[Extracted information — start]

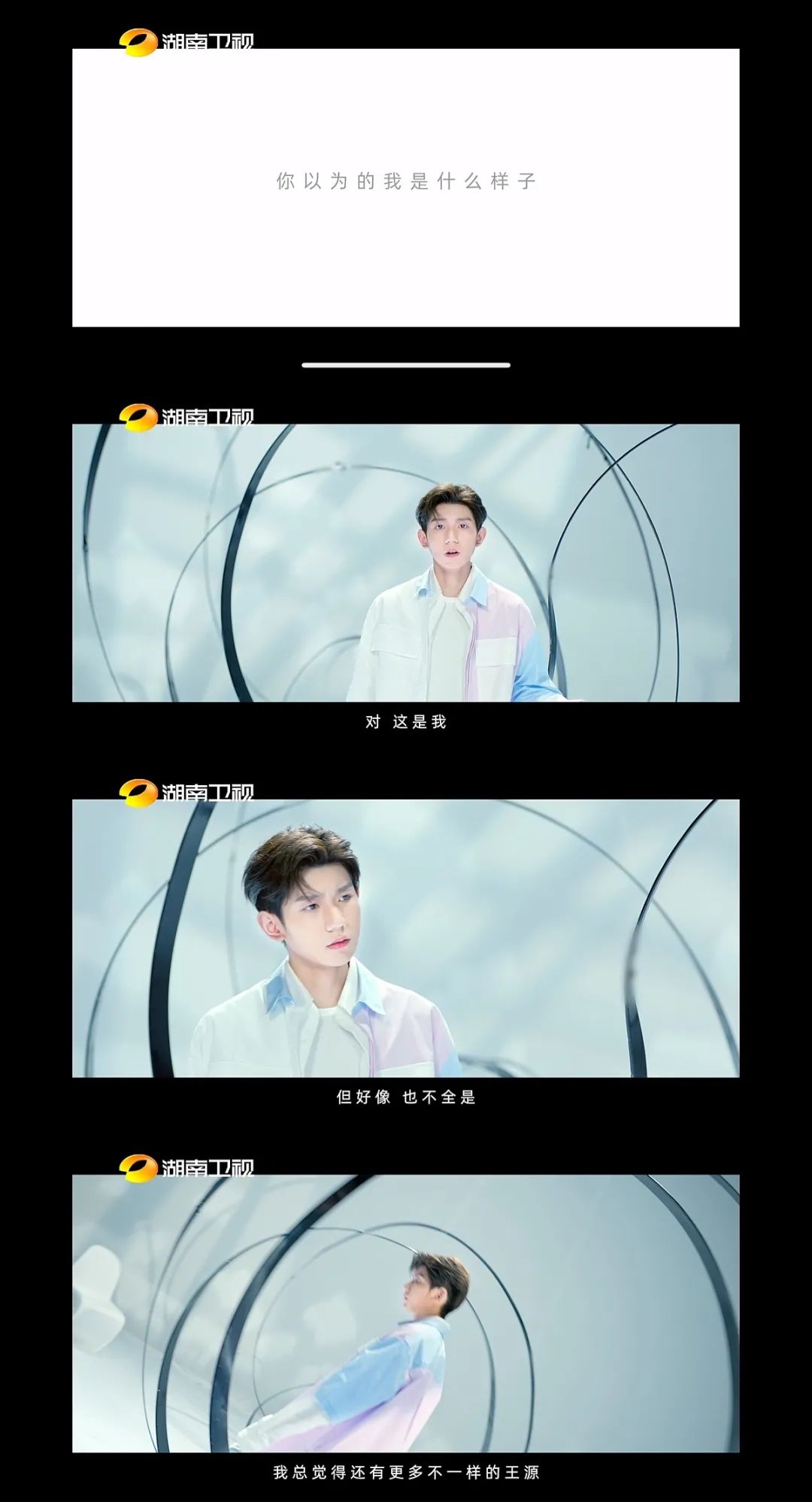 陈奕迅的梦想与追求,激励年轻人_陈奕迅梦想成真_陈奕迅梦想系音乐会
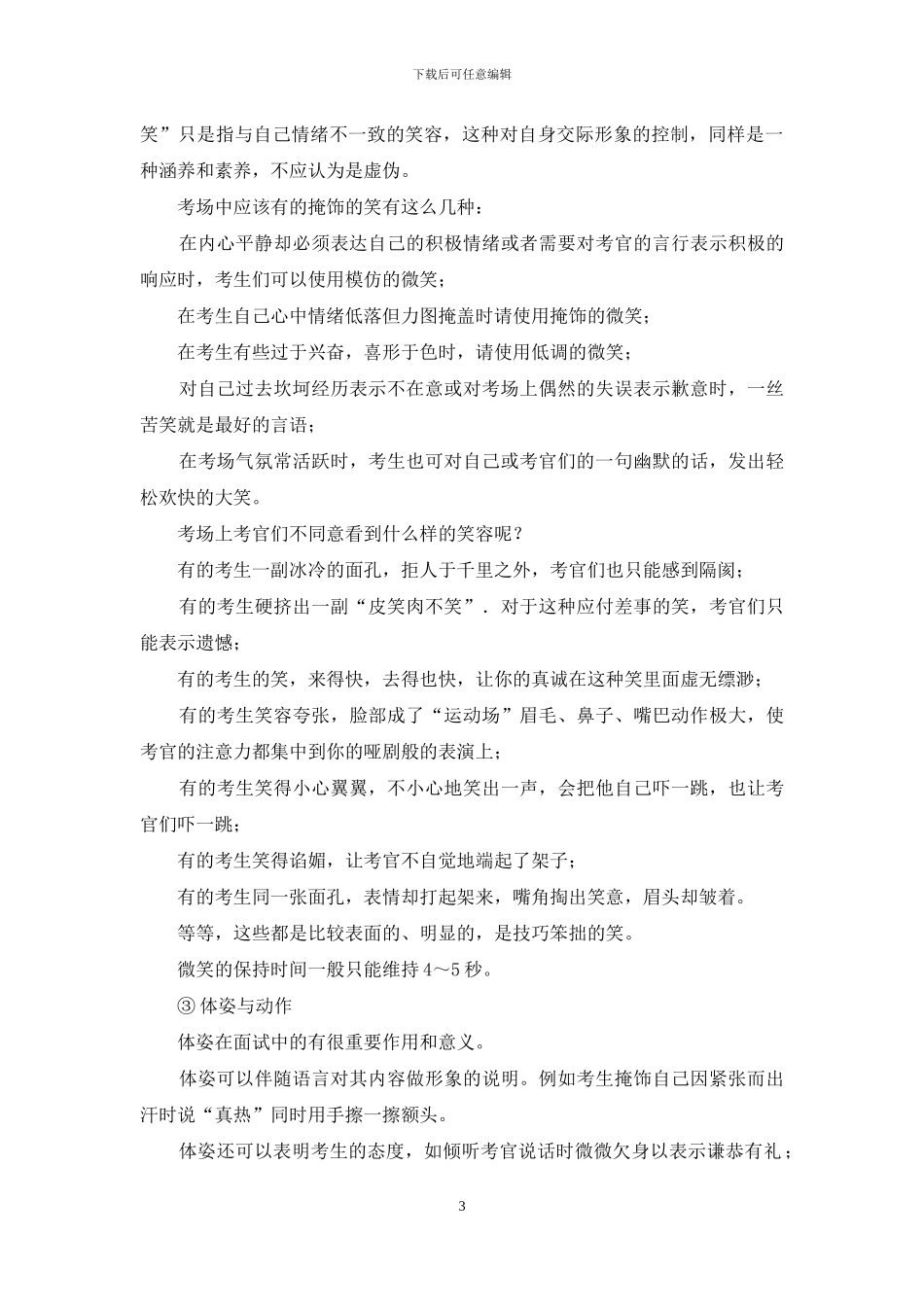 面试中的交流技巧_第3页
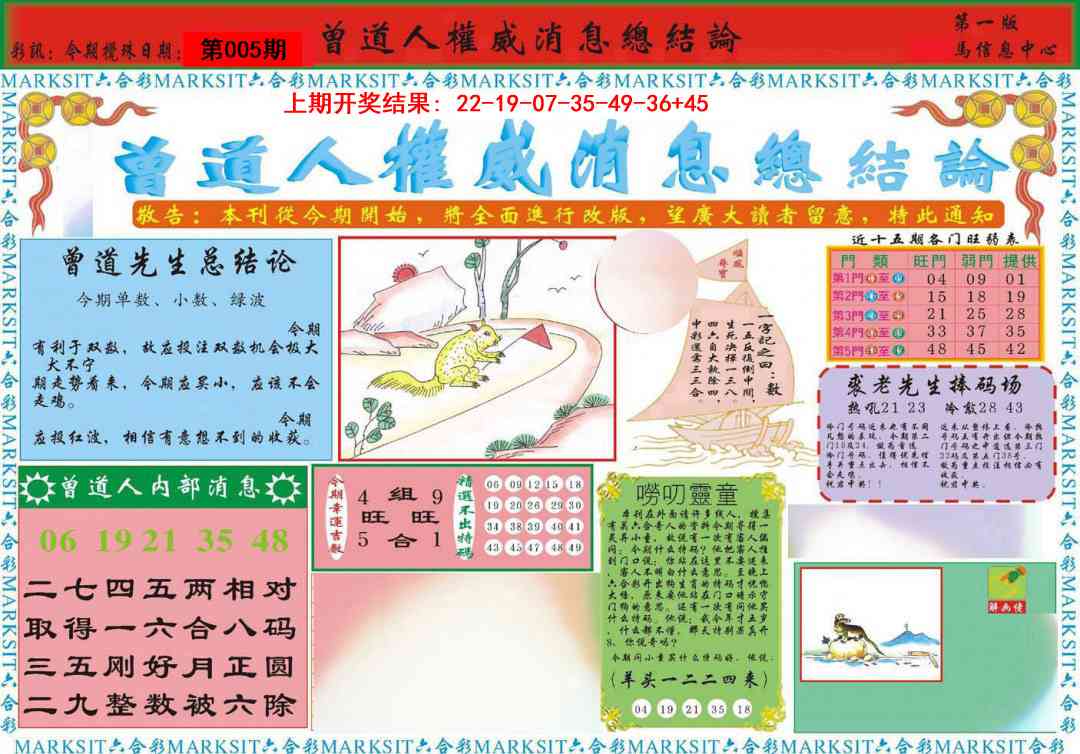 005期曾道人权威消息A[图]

[Extracted information — finish]
[Extracted information — start]

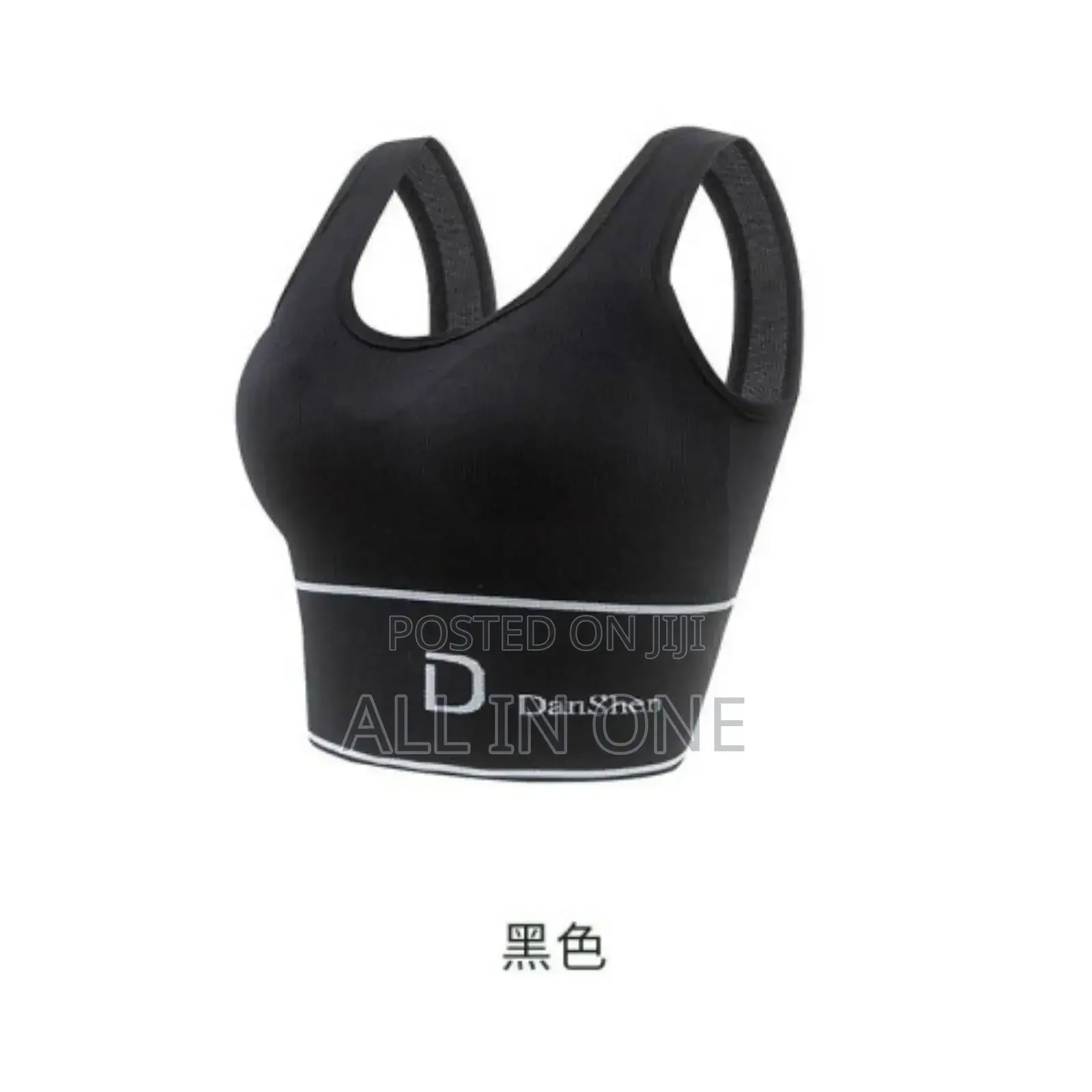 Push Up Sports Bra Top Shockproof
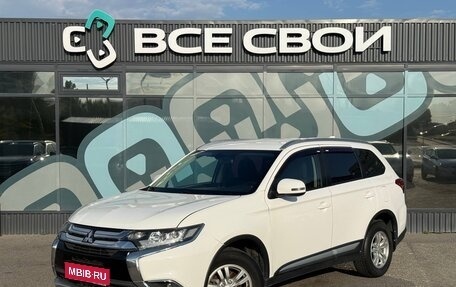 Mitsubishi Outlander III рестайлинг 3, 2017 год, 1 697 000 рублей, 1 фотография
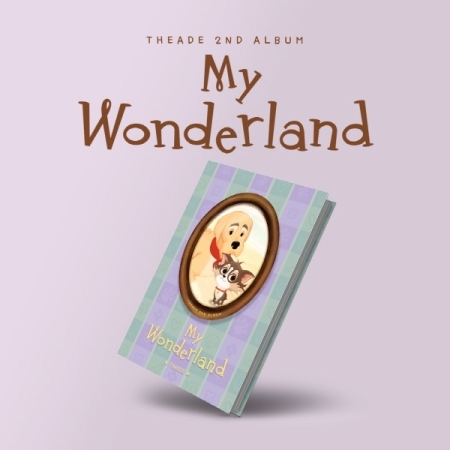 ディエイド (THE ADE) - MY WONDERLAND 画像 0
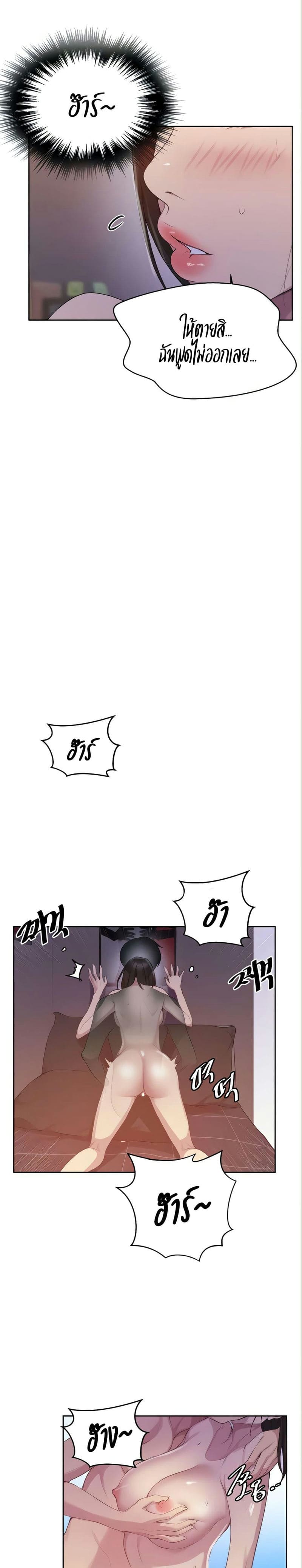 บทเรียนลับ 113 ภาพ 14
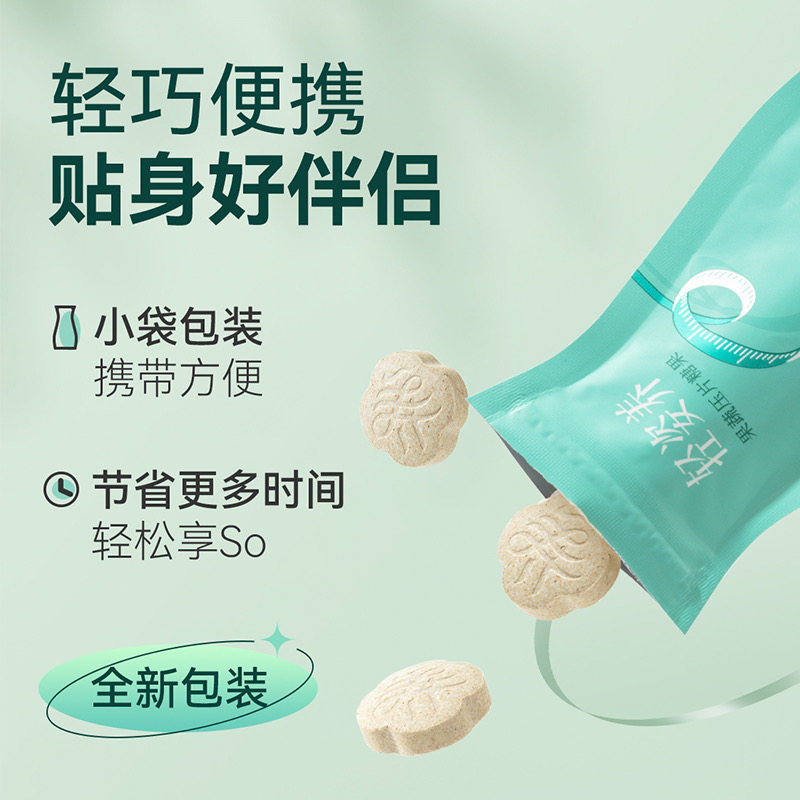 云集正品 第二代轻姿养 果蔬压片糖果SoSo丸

[Extracted information — finish]
[Extracted information — start]

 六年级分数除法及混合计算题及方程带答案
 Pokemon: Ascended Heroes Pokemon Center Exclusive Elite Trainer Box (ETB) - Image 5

[Extracted information — finish]

Task to carry out: Reproduce the listing above exactly from the line containing "ディエイド (THE ADE) - MY WONDERLAND 画像 0" up to and including the line containing "云集正品 第二代轻姿养 果蔬压片糖果SoSo丸", omitting any images and everything outside those lines.

Solution to this problem:
 ディエイド (THE ADE) - MY WONDERLAND 画像 0
 บทเรียนลับ 113 ภาพ 14
 云集正品 第二代轻姿养 果蔬压片糖果SoSo丸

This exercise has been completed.